Bir “köşe yazarı” olarak, şimdi sürmekte olan açlık grevi hakkında ne söyleyebilirim. “Köşe yazarı” olarak ya da olmayarak, “insan hayatı” kadar değer verdiğim bir şey yok. Dolayısıyla, bu son olay için de benim içimden doğal olarak fışkıran tavır, bunun durması, insanların ölmemesi ve aynı zamanda insanların sakat kalmaması. Ama bunun “insanî müdahale” falan gibi uyduruk adlar takılmış bir “operasyon”la sağlanması değil, söylemek istediğim.

Açlık grevinin hedefleri sayılıyor; tecrit, anadil vb. Ben zaten bunların “haklı” haklar olduğuna inananlardan biriyim. Çoktan beridir bunların gerçekleşmiş olması gerektiğini savunuyorum. 89. yıldönümünü kutladığımız Cumhuriyet, demokratik, katılımcı, çok-dilli, çok-dinli, bir “Cumhuriyet” olsa, bunu bir köşesinde kutlayan gazetenin öbür köşesinde “açlık grevi” haberi bulunmazdı.

Yani bunların 10 yıl, 15 yıl önce değil, 29 Ekim 1923’te tanınmış haklar olması gerektiğini savunuyorum.

Bunları konuşmaya başlayınca, hemen, “açlık grevi karşısında insanî tepki” gibi görece soyut bir alandan, “siyasî bir eylem biçimi olarak ‘açlık grevi’” gibi çok daha somut bir alana geçiyoruz.

Beni bu eylem biçimi karşısında “tedirgin ve ikircikli” hâle getiren de, bu eylem biçimi içinde “insanî” ve “siyasî”nin kurduğu ya da kuramadığı denge. Bu konularda işin kolayına kaçtığını düşündüğüm bazı kestirmeciler gibi, “siyasî olan zaten gayrı insanîdir” demekten yana değilim. Şimdiye kadarki doğrudan gözlemler ya da okuyarak edinilmiş bilgiler çerçevesinde, “siyasî” olanın pek çok sefer “gayrı insanî” olduğu çoğumuzun kafasına dank etti. Ama genel “gayrı insanî”den kurtulmak için “siyasî” olmayan bir yöntem ben bilmiyorum. Bilen varsa söylesin.
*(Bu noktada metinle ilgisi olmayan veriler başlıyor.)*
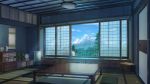  air_conditioner architecture book box cabinet clouds cushion east_asian_architecture highres indoors light_particles mountain niko_p no_humans original photo_(object) plant potted_plant railing scenery scroll signature sky sliding_doors sunlight table tatami tree vase window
“İnsan hayatı” kadar değer verdiğim bir şey olmadığını söyledim. Ama bazı insanların bazı ideallere kendi hayatlarından daha fazla değer verdiğini de biliyorum. Böyle bir inançla, sözgelişi şu devam eden eyleme katılan insanlara gidip, “Sen bu işten vazgeç insan hayatı çok değerlidir” demenin bir anlamı yok. İnsanların kendi hayatlarını şöyle sürdürmek veya böyle bitirmek yolunda kendi verdikleri karara bir diyeceğim olamaz. Ama ortaya, adı, sıfatı ne olursa olsun, başka birilerinin çıkıp “Sen, sen, bir de sen. Ölüverin,” demesini “etik” bulmuyorum.

Hele bunu derken, sonucun bu olmaması için de “siyasî” bir tedbir düşünmemişlerse, bu bir “tek yol ölüm” kararıysa, bunun “resmî yetkili umursamazlığı”ndan daha soylu bir davranış olduğu kanısında değilim.

Konu, insanı tarihin bulanık sularına daldırıyor. Bu bağlamda aklımda fikrimde olan daha birçok şeyi yazmaya devam edeceğim.